We arrived just as the team was busily packing up a huge shipment of 1,106 scarves to be exported to fashionABLE in United States.
We met with Eden in her office at Ellilta Products where she gave us an overview of the operations and a brief background on Women at Risk. Four years ago, the American founder of fashionABLE learned about Cherry’s program and wanted to find a way to collaborate with Women at Risk to provide a sustainable way off the streets and into a productive life. Producing scarves and reselling them in the US was the ideal business model and has been going strong ever since.

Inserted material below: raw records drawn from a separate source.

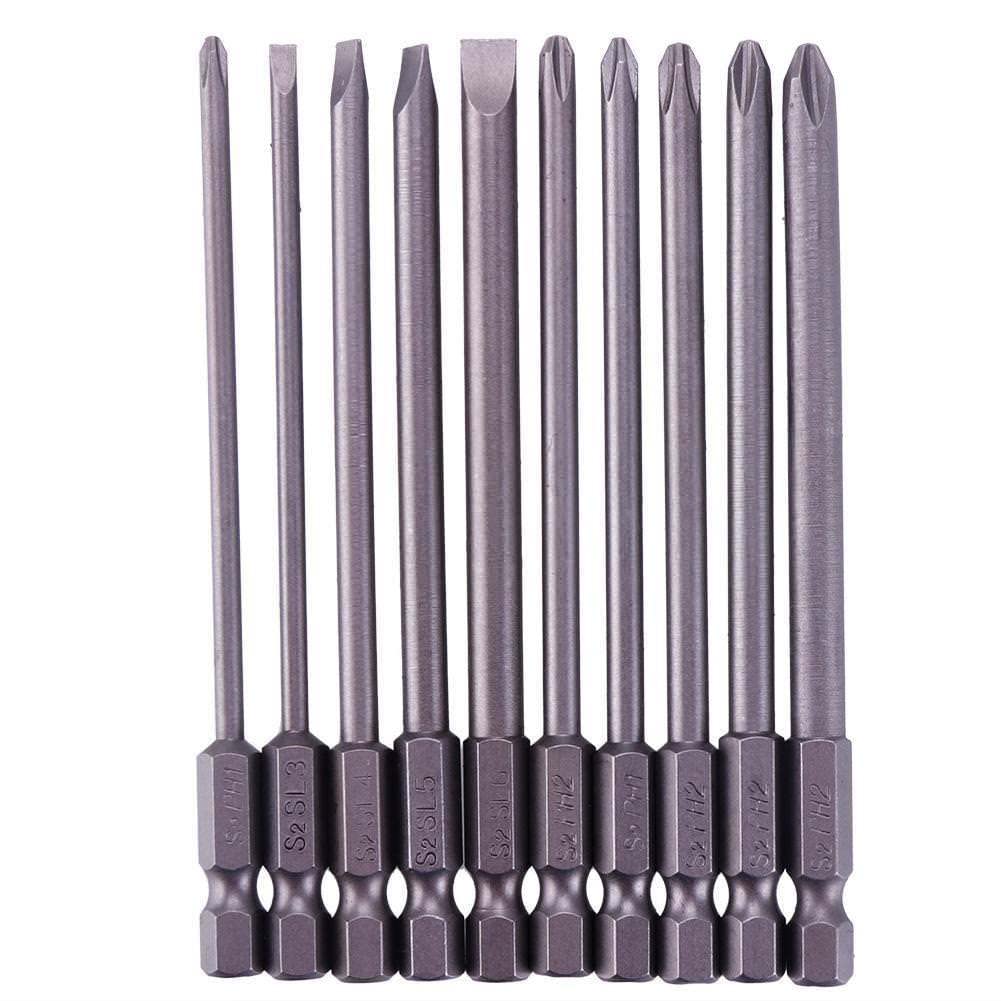 Photo 1 of Rocaris 10pcs 1/4 Inch Hex Shank Long Magnetic Screwdriver Bits Set 4 in Power Tools (Slotted+Cross Head)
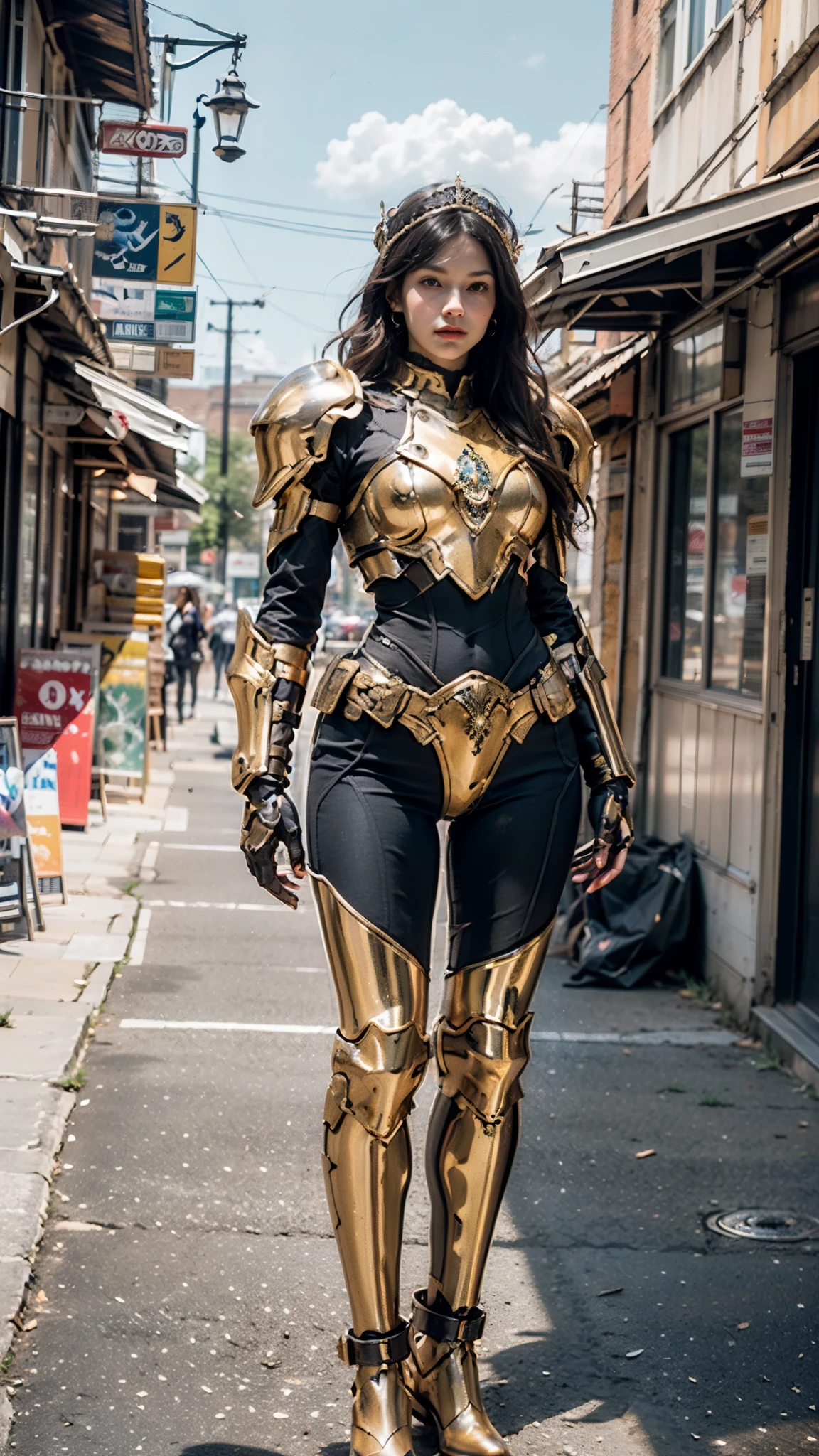 A woman adorned in fantasy-style full-body armor, a crown-concept fully enclosed helmet that unveils only her eyes, a composite layered chest plate, fully encompassing shoulder and hand guards, a lightweight waist armor, form-fitting shin guards, the overall design is heavy-duty yet flexible, ((the armor gleams with a golden glow, complemented by red and blue accents)), exhibiting a noble aura, she floats above a fantasy-surreal high-tech city, this character embodies a finely crafted fantasy-surreal style armored hero in anime style, exquisite and mature manga art style, (Queen bee mixed with Spider concept Armor), ((real woman, beautiful woman, photorealistic, elegant, goddess, femminine:1.5)), metallic, high definition, best quality, highres, ultra-detailed, ultra-fine painting, extremely delicate, professional, anatomically correct, symmetrical face, extremely detailed eyes and face, high quality eyes, creativity, RAW photo, UHD, 32k, Natural light, cinematic lighting, masterpiece-anatomy-perfect, masterpiece:1.5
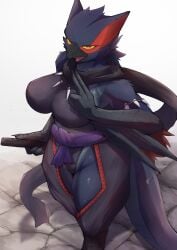 1girls 2026 anthro anthrofied armlet armor asian_clothing beak big_breasts biped black_beak black_clothing black_fundoshi black_scarf black_underwear blue_body blue_fur bone bone_necklace bottomwear breasts capcom clothed clothed_anthro clothed_female clothing concrete digital_drawing_(artwork) digital_media_(artwork) east_asian_clothing eyelashes female female_anthro female_only fingernails flying_wyvern fundoshi fur hi_res high-angle_view holding_object japanese_clothing jewelry kunoichi looking_at_viewer membrane_(anatomy) membranous_wings monster_hunter multicolored_body nails nargacuga nargacuga_armor necklace ninja non-mammal_breasts open_beak open_mouth plache6 portrait pose pupils purple_sash red_body red_eyes red_inner_ear sash scarf scuted_arms scutes shaded sharp_fingernails sharp_nails sharp_teeth slit_pupils solo standing tail teeth thick_thighs three-quarter_portrait three-quarter_view unconvincing_armor underwear warrior winged_arms wings yellow_sclera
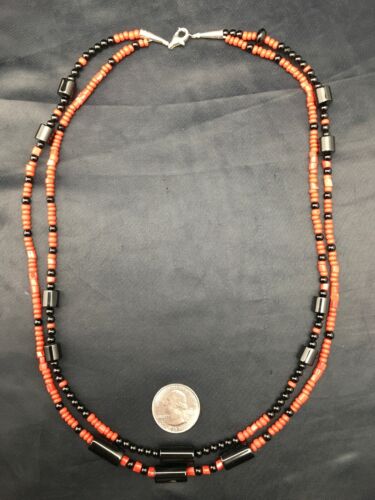 Southwestern Red Coral & Onyx 2-Strand Necklace | Navajo Sterling Silver | Authentic Native American Handmade | 4523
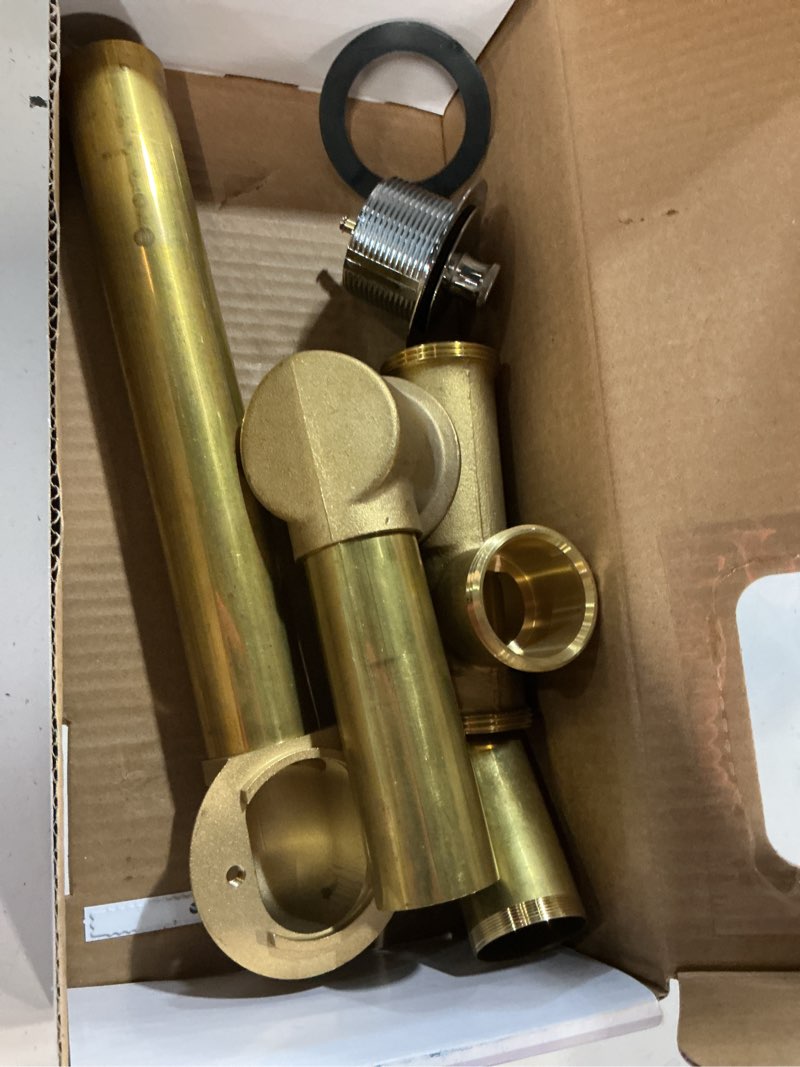 Condition photo showing As Is for dearborn 1-1/2-in polished chrome push n' pull brass/polished chrome push-pull drain with brass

Each new scarf design is named after a girl who made it in Women at Risk’s program and her story is told along with the scarf. A percentage of the sales of each scarf goes back to helping keep the women off the streets. Per Genet, it costs about $68 to support one woman for a year in the Women at Risk rehabilitation program. These funds are gained through the sales of the scarves and other fundraising activities.

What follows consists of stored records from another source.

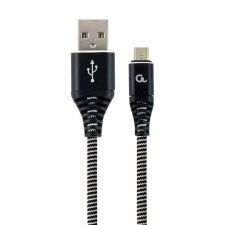 Gembird USB micro-B - USB Type-A szövet borítású adat- és töltőkábel 2m fekete (CC-USB2B-AMmBM-2M-BW) (CC-USB2B-AMmBM-2M-BW) mobiltelefon kellék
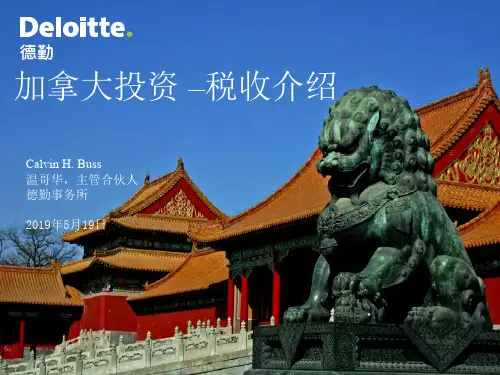 加拿大投资–税收介绍29页PPT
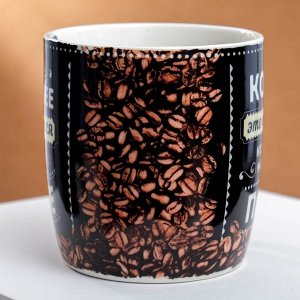 Подарочный набор «Всё начинается с кофе»: кружка 300 мл, тёрка, трафареты 4 шт.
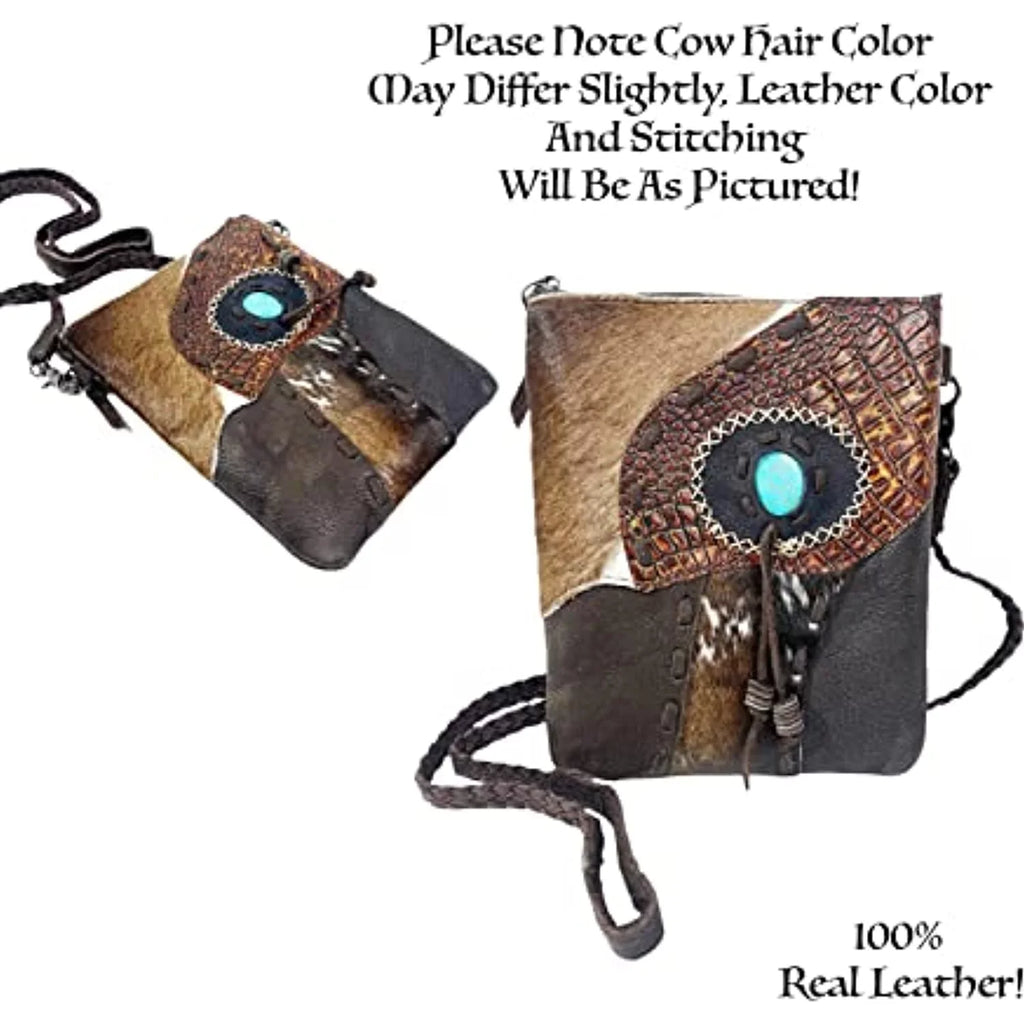 (Dark Crossbody Western Hand Purse Handbag Tote Teal Cowhair Tassel Bag Brown) Stitched Purses Urbalabs Stone Leather Tooled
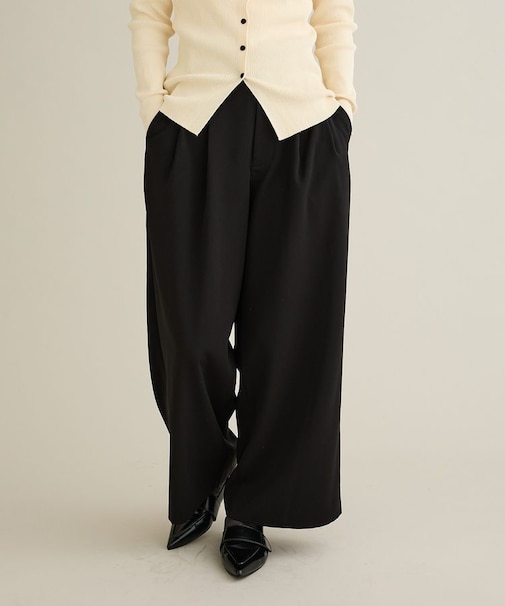 ハイウエストベルトワイドパンツ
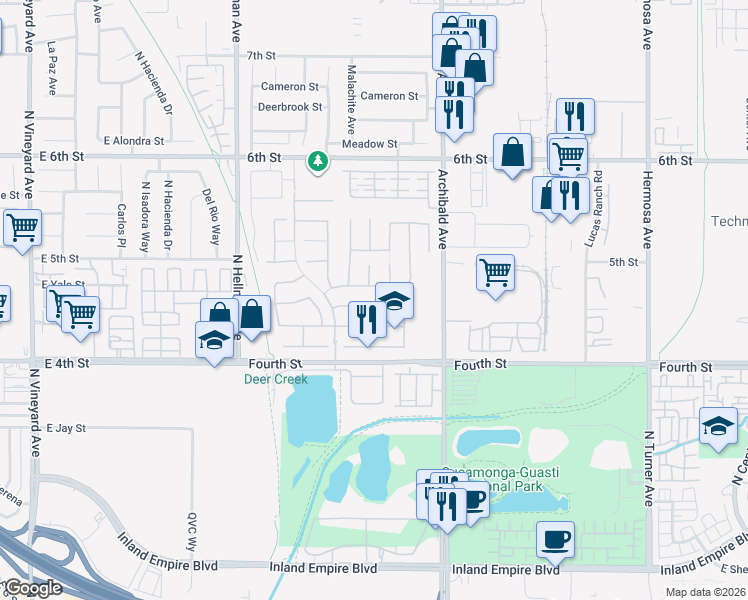 map of restaurants, bars, coffee shops, grocery stores, and more near 9539 Brook Drive in Rancho Cucamonga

Inside Ellilta Products is a small shop where visitors can buy scarves. Elizabeth and I were delighted to purchase some scarves for our family and friends.

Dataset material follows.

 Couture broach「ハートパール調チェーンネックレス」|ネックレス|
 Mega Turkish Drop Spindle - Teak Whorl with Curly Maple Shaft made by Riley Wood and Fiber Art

After we met with Eden, we took a short walk down the street to visit the factory where the scarves were being made. This was the highlight of our visit. It was amazing to see how the scarves I had at home and wore throughout the long winters were made.
Outside the factory, women were dying the cotton in buckets of colored water.
Inside the factory, the women were spinning the cotton and weaving it into the beautiful works of art. A life much better than one spent on the street.
We heard all about the process of making a scarf, and were surprised to learn that in Ethiopia it is usually the girls who learn to spin and the boys who learn to weave. Therefore, the women in the program need to be trained on how to weave and the trainer is generally male.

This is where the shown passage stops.